Commento alla Liturgia
Ss. Simone e Giuda
Prima lettura
Ef 2,19-22
19Così dunque voi non siete più stranieri né ospiti, ma siete concittadini dei santi e familiari di Dio, 20edificati sopra il fondamento degli apostoli e dei profeti, avendo come pietra d'angolo lo stesso Cristo Gesù. 21In lui tutta la costruzione cresce ben ordinata per essere tempio santo nel Signore; 22in lui anche voi venite edificati insieme per diventare abitazione di Dio per mezzo dello Spirito.
Salmo Responsoriale
Dal Sal 18 (19)
R. Per tutta la terra si diffonde il loro annuncio.
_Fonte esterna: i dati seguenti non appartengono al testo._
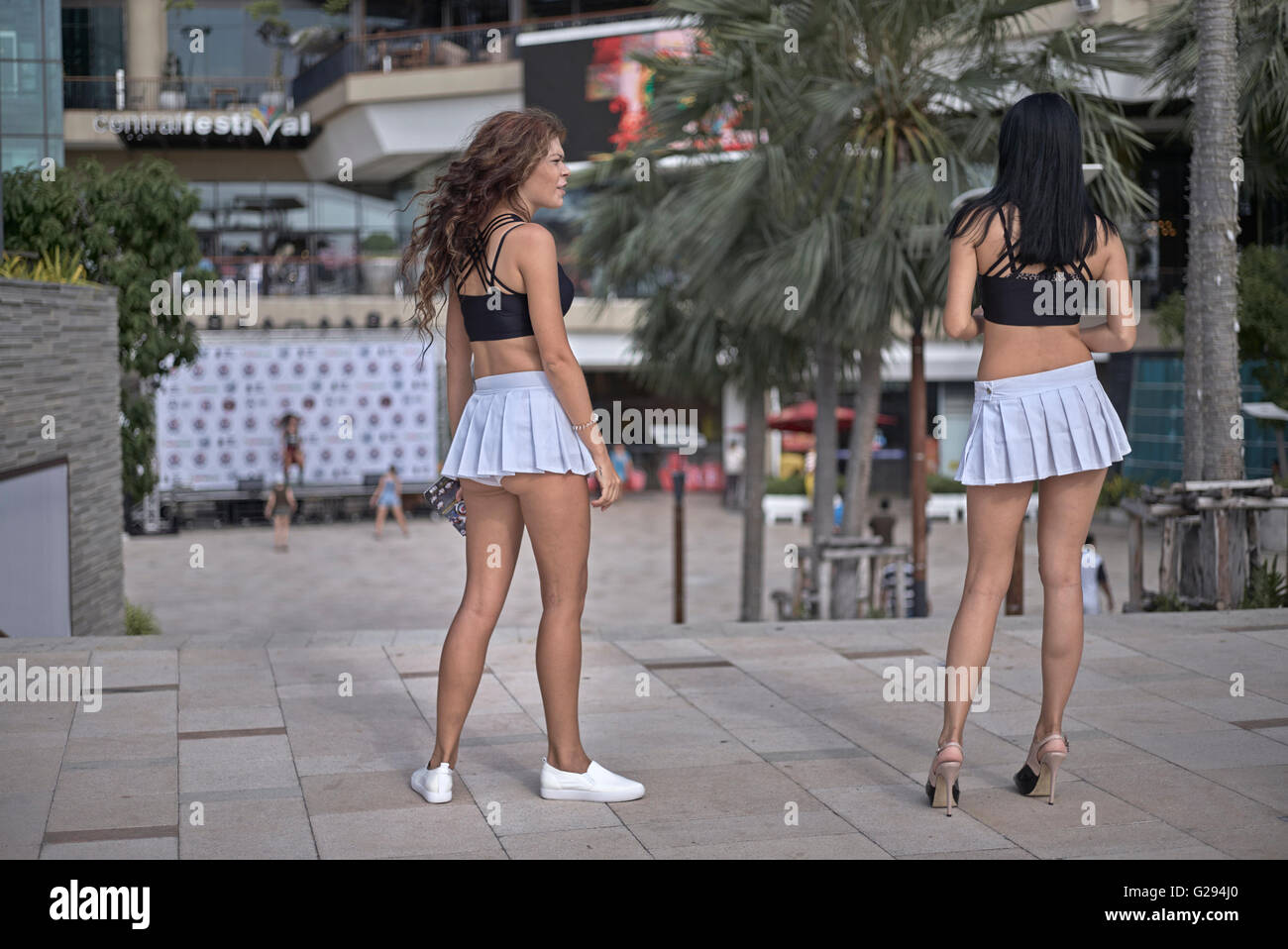 Scantily dressed show girls attracting customers. Pattaya Thailand S. E.  Asia Stock Photo - Alamy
I cieli narrano la gloria di Dio,
l'opera delle sue mani annuncia il firmamento.
Il giorno al giorno ne affida il racconto
e la notte alla notte ne trasmette notizia. R.
Senza linguaggio, senza parole,
senza che si oda la loro voce,
per tutta la terra si diffonde il loro annuncio
e ai confini del mondo il loro messaggio. R.
Vangelo
Lc 6,12-19
12In quei giorni egli se ne andò sul monte a pregare e passò tutta la notte pregando Dio. 13Quando fu giorno, chiamò a sé i suoi discepoli e ne scelse dodici, ai quali diede anche il nome di apostoli: 14Simone, al quale diede anche il nome di Pietro; Andrea, suo fratello; Giacomo, Giovanni, Filippo, Bartolomeo, 15Matteo, Tommaso; Giacomo, figlio di Alfeo; Simone, detto Zelota; 16Giuda, figlio di Giacomo; e Giuda Iscariota, che divenne il traditore. 17Disceso con loro, si fermò in un luogo pianeggiante. C'era gran folla di suoi discepoli e gran moltitudine di gente da tutta la Giudea, da Gerusalemme e dal litorale di Tiro e di Sidone, 18che erano venuti per ascoltarlo ed essere guariti dalle loro malattie; anche quelli che erano tormentati da spiriti impuri venivano guariti. 19Tutta la folla cercava di toccarlo, perché da lui usciva una forza che guariva tutti.
Note
Approfondimenti
Paolo afferma che i figli di Dio «vengono edificati insieme» (συνοικοδομέω). Con questa espressione vuole dire due cose:
Questa edificazione plurale e variegata diventa, per mezzo del dono dello Spirito, una vera e propria «abitazione di Dio». Per indicare questo sublime e grande mistero, Paolo ricorre a un sostantivo particolare (κατοικητήριον) che significa letteralmente «luogo dove avviene qualcosa». L'avvenimento di Dio che prende dimora nella nostra umanità non è dunque né un'idea (astratta), né un evento (statico), ma un processo che si compie e si perfeziona continuamente attraverso il dinamismo dello Spirito, la forza e la presenza di Dio dentro la storia umana.
Intimi contenitori
Gli apostoli Simone e Giuda vengono ricordati dalla liturgia con un’unica festa, probabilmente a causa di un comune apostolato in Mesopotamia e in Persia, dove sarebbero stati inviati a predicare il Vangelo. Oltre a essere un po’ oscurati dai più conosciuti omonimi nella cerchia dei Dodici (Simon Pietro e Giuda Iscariota), i due apostoli non hanno lasciato molte notizie di sé. Nelle liste dei Dodici, che Cristo scelse e chiamò dopo aver trascorso «tutta la notte pregando Dio» (Lc 6,12), i loro nomi variano, lasciandoci intuire qualcosa della loro personalità.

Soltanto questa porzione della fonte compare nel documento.